**To do**. Every record gets copied exactly, and no picture goes with it.

**Extracted data**.
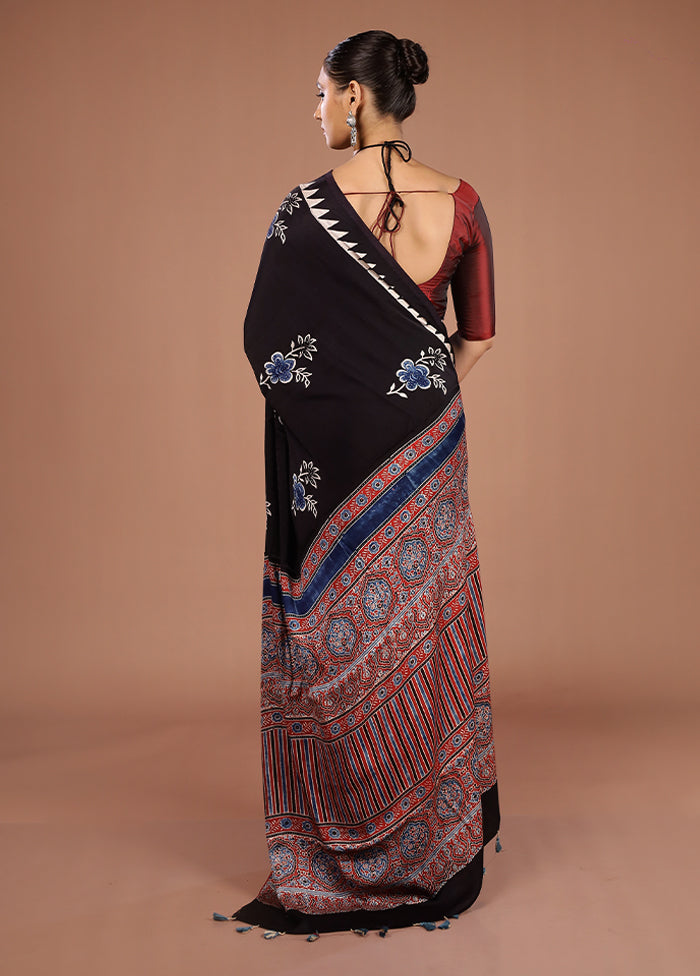 Maroon Printed Pure Silk Saree Without Blouse Piece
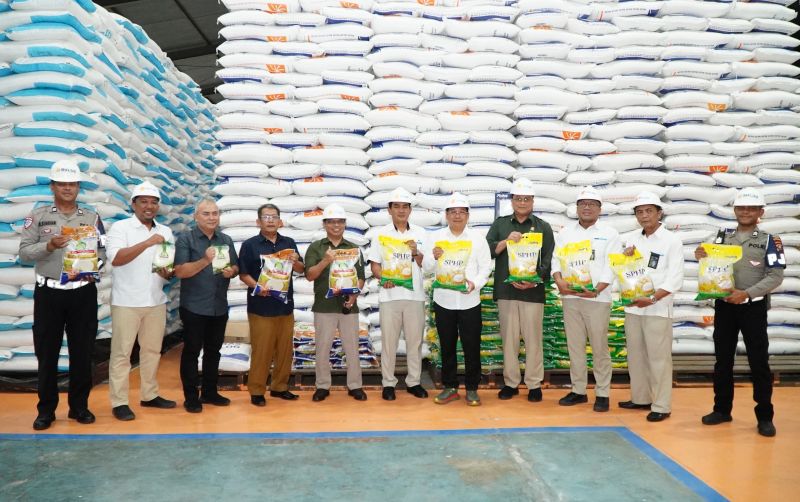 Stok Beras Indonesia Menguat, Harga Internasional Menurun uploads/news/2025/05/stok-beras-indonesia-menguat--25772acef5c5ae0.jpeg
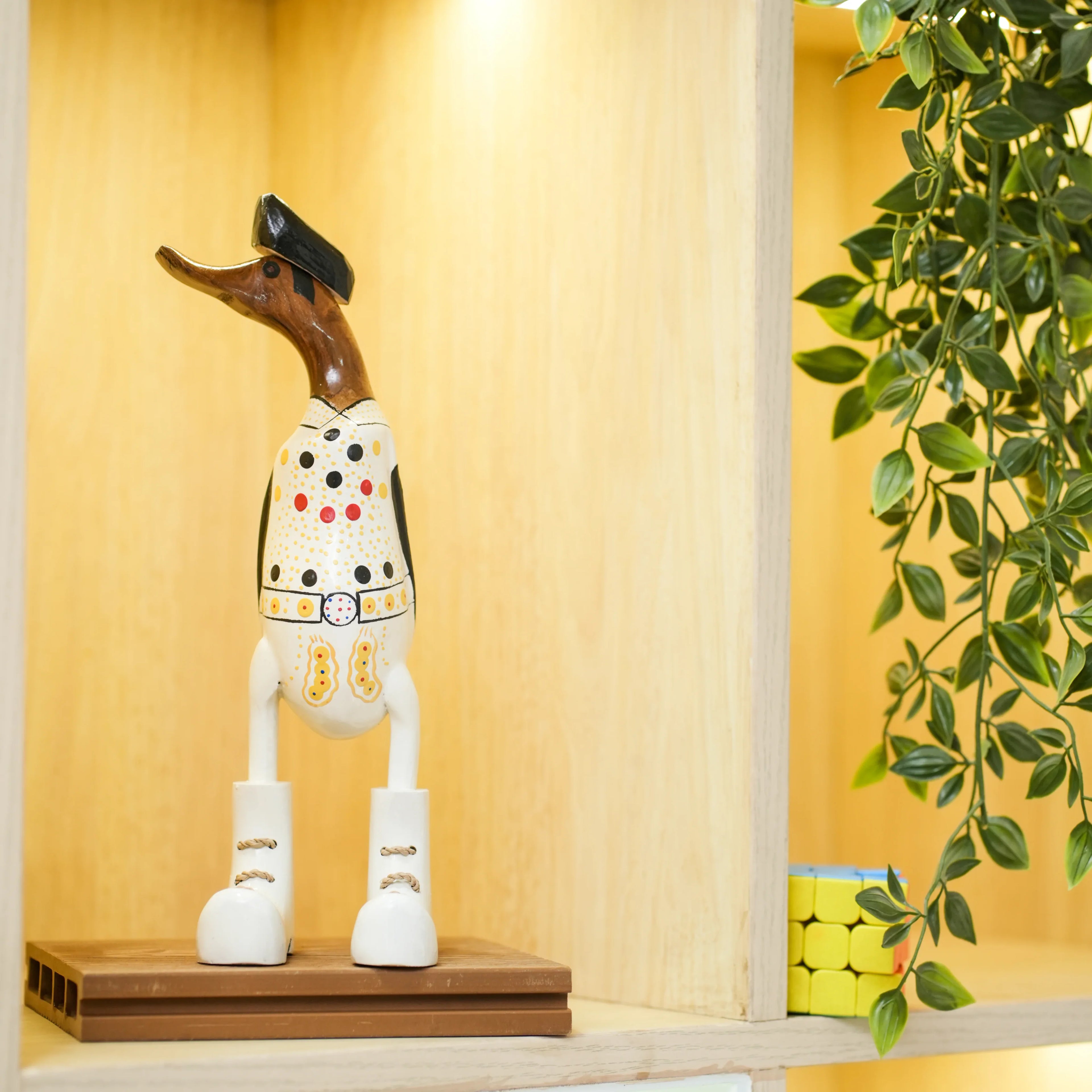 TIMBER KALA'S SMALL ELVIS PRESLEY SWAGGER DUCKS FOR DECOR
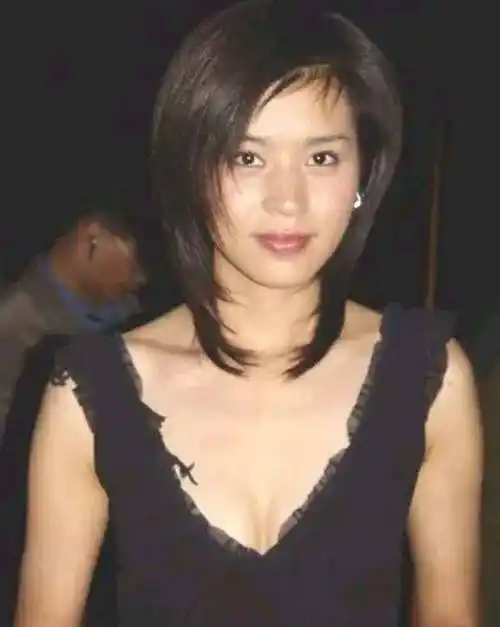 50岁的张艺谋和18岁的王海珍共进晚餐,王海珍:我酒量不好,好晕_陈婷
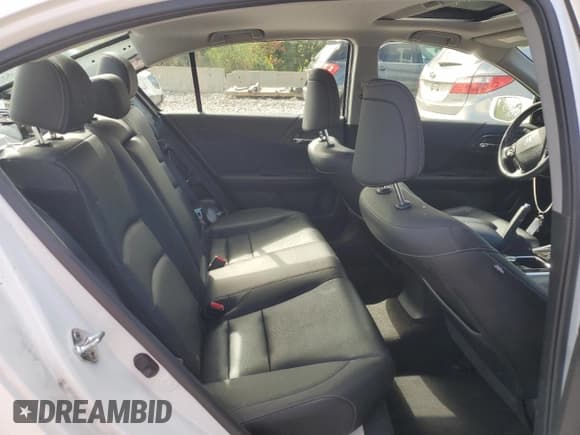 ✅ 2017 Honda Accord Touring • VIN: JHMCR6F74HC023333 • Лот: 81723915. Опубликован ранее на Copart с пробегом 82 943 миль. Бесплатный доступ к архиву аукционных продаж из США и подробный отчёт об истории автомобиля на DreamBid. Изображение 10.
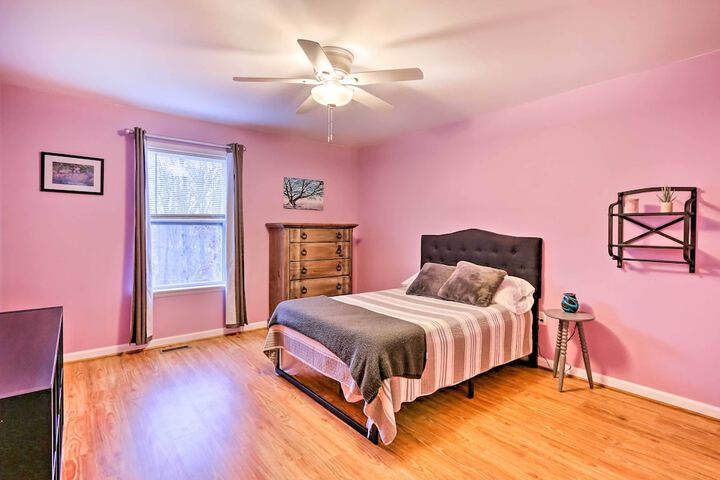 Private Mountain Home Near Shenandoah River!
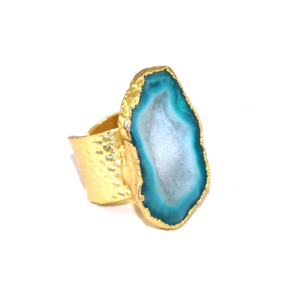 Anillo de piedra preciosa única de geoda drusa azul cielo natural de estilo minimalista, chapado en oro, joyería de latón al por mayor para mujeres y niñas - Product Image 2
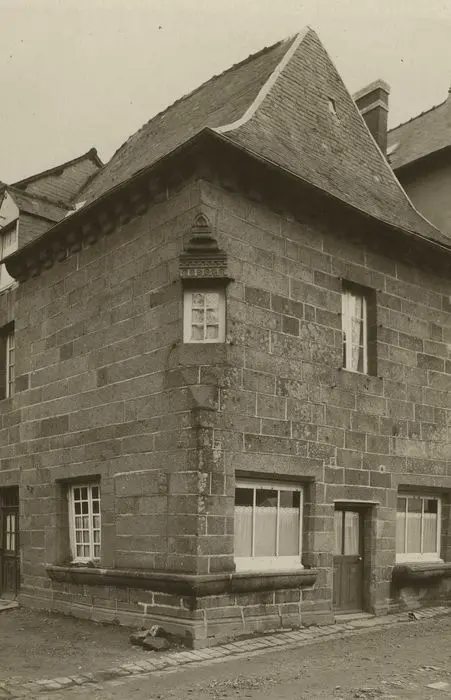 Foto di Casa datata 1604 - POP Plateforme Ouverte du Patrimoine / Base Mérimée - © Ministère de la Culture (France), Médiathèque du patrimoine et de la photographie, tous droits réservés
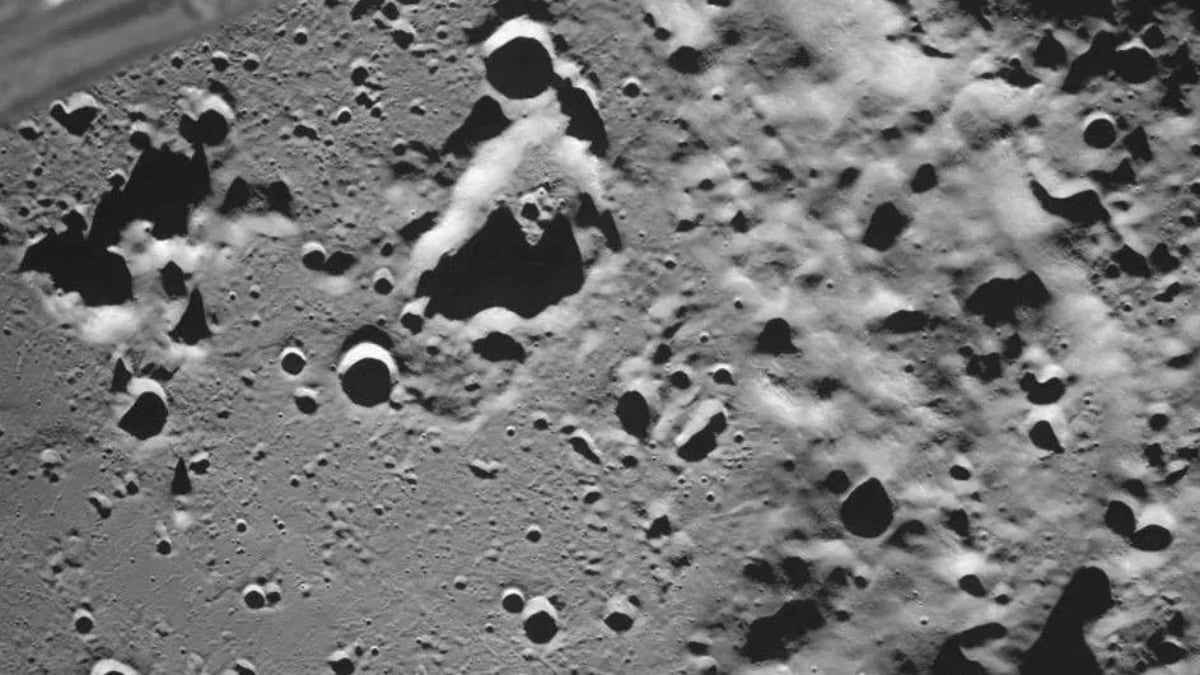 luna 25 ay yüzey görüntüsü teegram roscosmos Roscosmos Luna-25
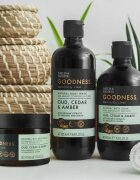 Baylis & Harding Goodness Oud Cedar & Amber só peeling testre 450 g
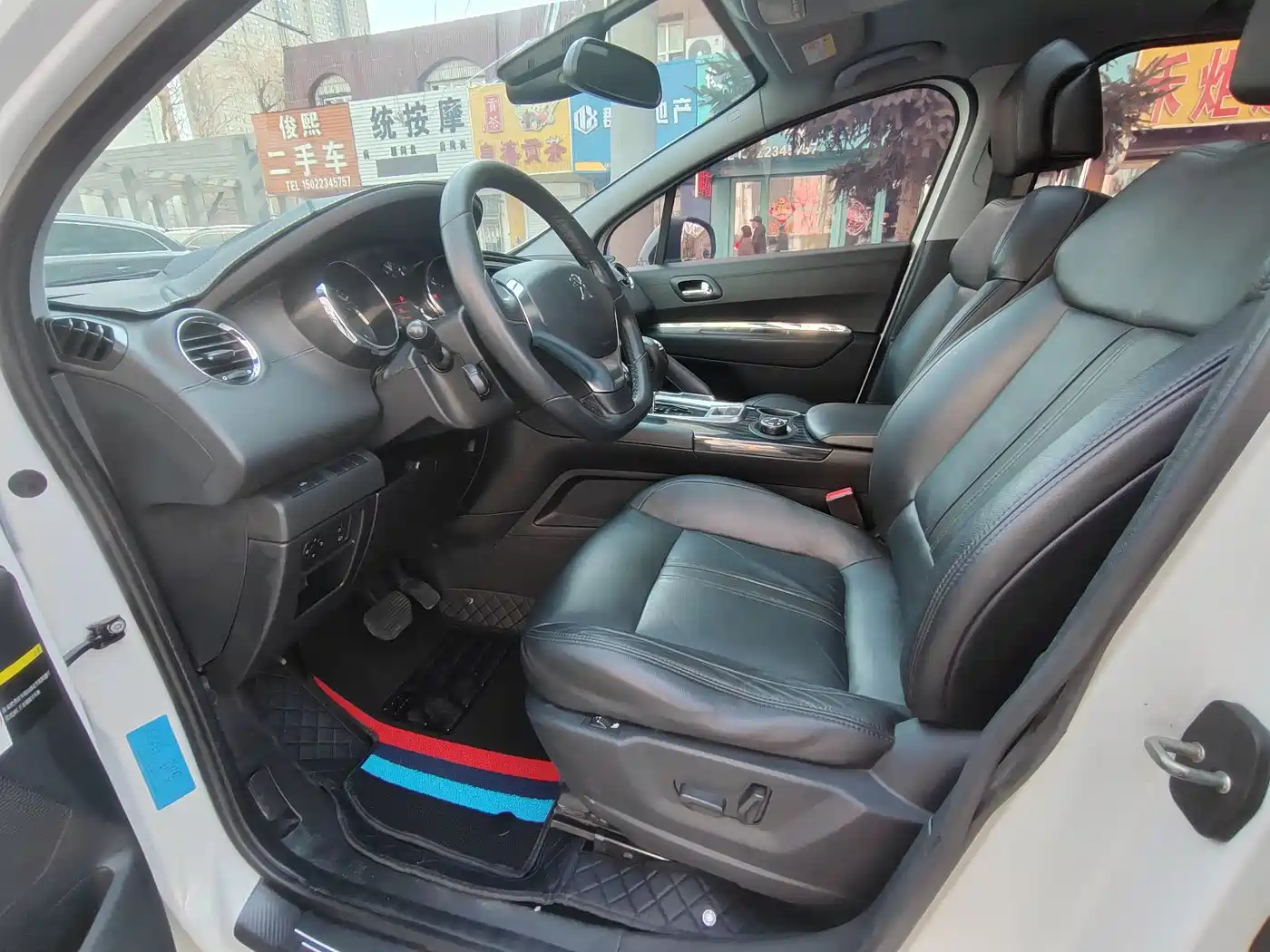 Peugeot 3008 2013 1.6THP Roland Garros Edition фото 7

**Response box**.
 Maroon Printed Pure Silk Saree Without Blouse Piece
 Stok Beras Indonesia Menguat, Harga Internasional Menurun uploads/news/2025/05/stok-beras-indonesia-menguat--25772acef5c5ae0.jpeg
 TIMBER KALA'S SMALL ELVIS PRESLEY SWAGGER DUCKS FOR DECOR
 50岁的张艺谋和18岁的王海珍共进晚餐,王海珍:我酒量不好,好晕_陈婷
 ✅ 2017 Honda Accord Touring • VIN: JHMCR6F74HC023333 • Лот: 81723915. Опубликован ранее на Copart с пробегом 82 943 миль. Бесплатный доступ к архиву аукционных продаж из США и подробный отчёт об истории автомобиля на DreamBid. Изображение 10.
 Private Mountain Home Near Shenandoah River!
 Anillo de piedra preciosa única de geoda drusa azul cielo natural de estilo minimalista, chapado en oro, joyería de latón al por mayor para mujeres y niñas - Product Image 2
 Foto di Casa datata 1604 - POP Plateforme Ouverte du Patrimoine / Base Mérimée - © Ministère de la Culture (France), Médiathèque du patrimoine et de la photographie, tous droits réservés
 luna 25 ay yüzey görüntüsü teegram roscosmos Roscosmos Luna-25
 Baylis & Harding Goodness Oud Cedar & Amber só peeling testre 450 g
 Peugeot 3008 2013 1.6THP Roland Garros Edition фото 7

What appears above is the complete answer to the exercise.